We upgraded the hdfs3 and libhdfs3 to the latest version, but still when we are trying to put any thing it does not put anything:

hdfs = HDFileSystem(host="myhadoop",pars={"dfs.nameservices": "myhadoop","dfs.ha.namenodes.myhadoop": "nn1,nn2","dfs.namenode.rpc-address.myhadoop.nn1": "nn1.example.com:8020","dfs.namenode.rpc-address.myhadoop.nn2": "nn2.example.com:8020","hadoop.security.authentication": "kerberos"})

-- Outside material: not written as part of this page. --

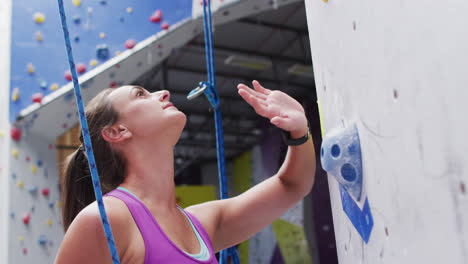 Nervous-caucasian-woman-preparing-to-climb-a-wall-at-indoor-climbing-wall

hdfs.put("/user/prabhu/examples/pi.py"); It still does not work. Am i still missing any configuration?

martindurant commented 6 years ago

Unfortunately, getting all the security configurations working via libhdfs3 has proved very problematic. I now recommend that you switch to arrow's hdfs module instead. It deals much better with configuration and security, and doesn't miss much of what is provided by hdfs3.

sangramga commented 5 years ago

Is this issue resolved? I am facing the same issue while accessing ENCRYPTED(Transparent Data Encryption) HDFS (with Kerberos).

martindurant commented 5 years ago

No, this is not resolved, so the recommendation to use pyarrow stands.